Ausgabe 510 vom Freitag, 23.03.2018

Am Sonntag vor dem Festival, als die Welt von Ruby Walsh noch in Ordnung war, saß der Jockey als eine der Attraktionen bei einem Preview-Abend. „Und dann Donnerstag, St. Patrick´s-Day“… begann der Moderator, da schnappte Ruby zurück: „Der ist erst Samstag, wissen Sie“. Technisch mag es richtig gewesen sein, doch die irischen Trainer nahmen das Geschenk eines frühen St. Patrick´s Tag dankend an, sechs Sieger von sieben Rennen, und mit 61 Siegen hat Willie Mullins nun auch Nicky Henderson als erfolgreichster Trainer in der Geschichte des Festivals überholt.

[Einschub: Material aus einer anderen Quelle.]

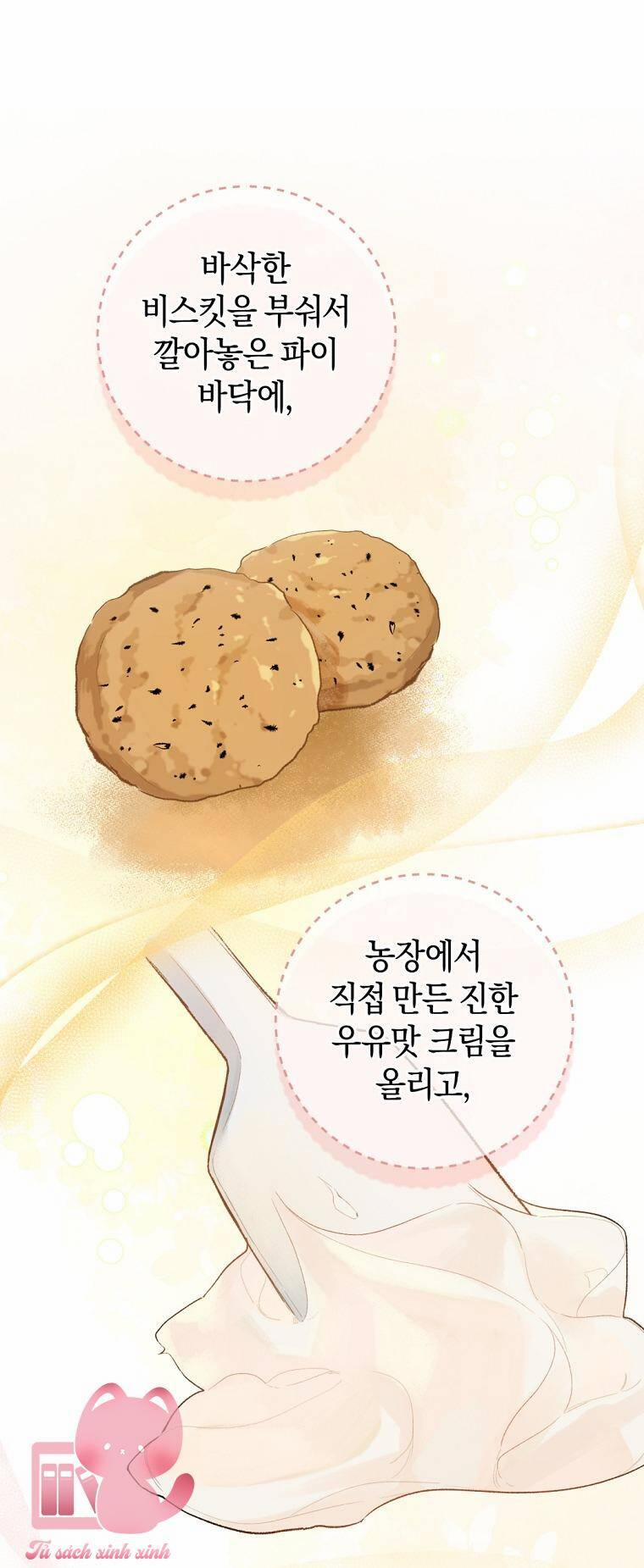 Trang Trại Hạt Dẻ Gần Cung Điện Hoàng Gia 45 trang 30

Immer auch eine intensive Rivalität zwischen England und Irland, hat England im so beliebten Ländervergleich (beliebt, als England den Kopf in Front hatte, die Stimmung ändert sich langsam) nun seit Jahren das Nachsehen. Seit 2011 gelang es nur Nicky Henderson, den Würgegriff irischer Trainer, und allen voran natürlich Willie Mullins, zu durchbrechen. Längst vorbei die Zeiten, in denen man mit 2 (zwei!) Siegen Champion-Trainer des Meetings wurde,  fünf oder sechs Siege sind nun absoluter Standard, die Konzentration auf einige Top-Trainer verschärft sich immer weiter: Waren in den letzten 10 Jahren die drei erfolgreichsten Trainer Willie Mullins (2018: 7 Siege), Gordon Elliot (8) und Nicky Henderson (2) zusammen noch in rund 30% aller Rennen erfolgreich, so stieg diese Zahl  in diesem Jahr auf knapp 60%. 

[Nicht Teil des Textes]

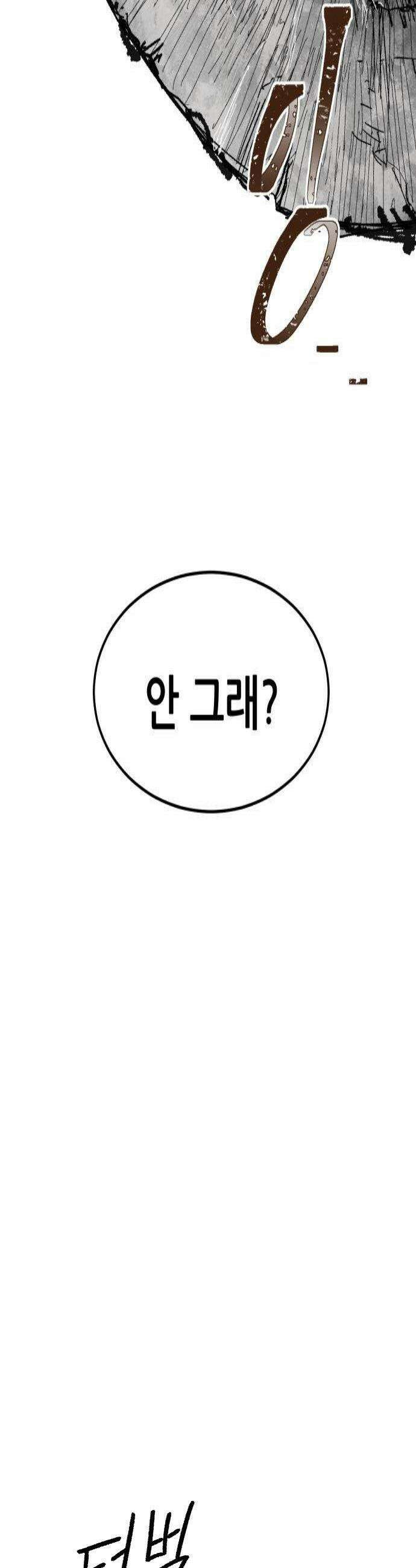 용사 카리엘 38 성검회수3 4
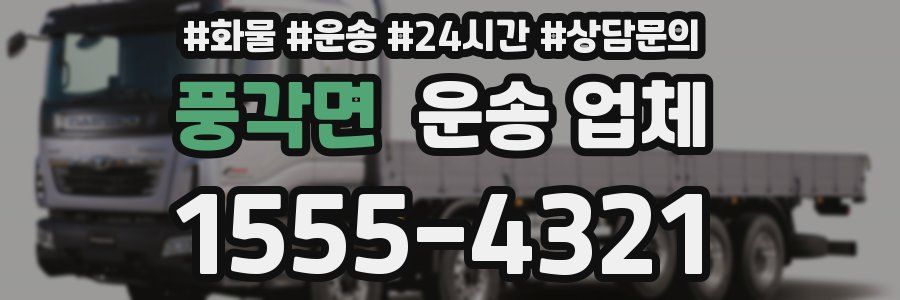 풍각면 운송 업체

Natürlich auch auf der Besitzerseite; hier scheint Michael O´Learys Gigginstown House Stud ein Abonnement auf das Siegen zu haben, JP McManus musste sich mit nur zwei Siegen begnügen. Am dritten Meetingtag wartete der Ryanair-Boss mit einem Hattrick auf,  neben der gleich näher betrachteten Ryanair Chase beeindruckte besonders die mächtige Stute Shattered Love in der JLT Novices´ Chase (Gr.1, 2m4f); „ich habe keinen Wallach, der größer ist,“ bekannte ein atemloser Gordon Elliot, der bis zum letzten Rennen um seinen Meetings-Champion Titel bangen musste. Abhaken kann O’Leary  nun endlich „sein“ Rennen, die Ryanair Chase (Gr.1, 2m5f), inzwischen eines der Top-Rennen des Festivals. Historisch betrachtet ein relativ junges Rennen (die erste Austragung fand 2005 statt), schließt es distanztechnisch die Lücke zwischen Champion Chase und Gold Cup, und hat sich mit  hochklassigen Feldern schnell einen Namen gemacht.

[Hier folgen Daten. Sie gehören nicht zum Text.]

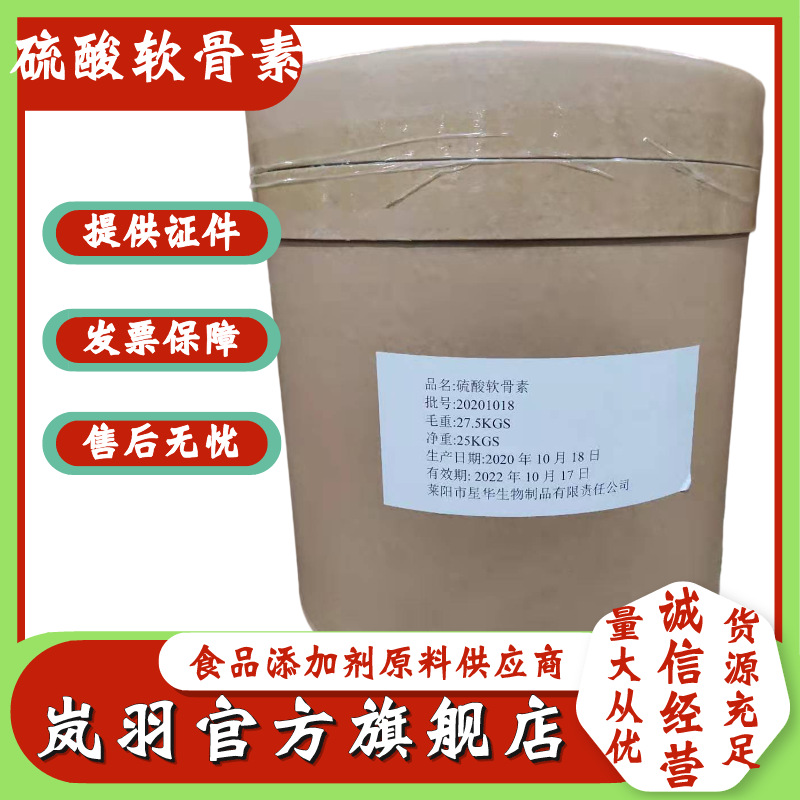 goods in stock wholesale Sulfuric acid Chondroitin Food grade Bone Sulfuric acid Chondroitin 90% 25kg/ Barrel Chondroitin sulfate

Die jüngste Austragung ließ wenig Wünsche offen: auf dem Papier schien es ein Duell zwischen Un de Sceaux und Cue Card, zusammen Sieger dieses Rennens 2017  bzw. 2013 (!), und damit natürlich wieder einmal Irland gegen England. Besonders Cue Card ist auf der Insel inzwischen ein absolutes Kult-Pferd, auch wenn er, eine kleine, aber bedeutsame Abstufung, die absoluten Zuneigungswerte eines Moscow Flyer oder Kauto Star noch nicht erreicht hat. Der Gradmesser hierfür ist Applaus des Publikums bereits VOR dem Rennen im Führring,  absolute Gänsehaut-Momente, wenn man sie denn erleben darf.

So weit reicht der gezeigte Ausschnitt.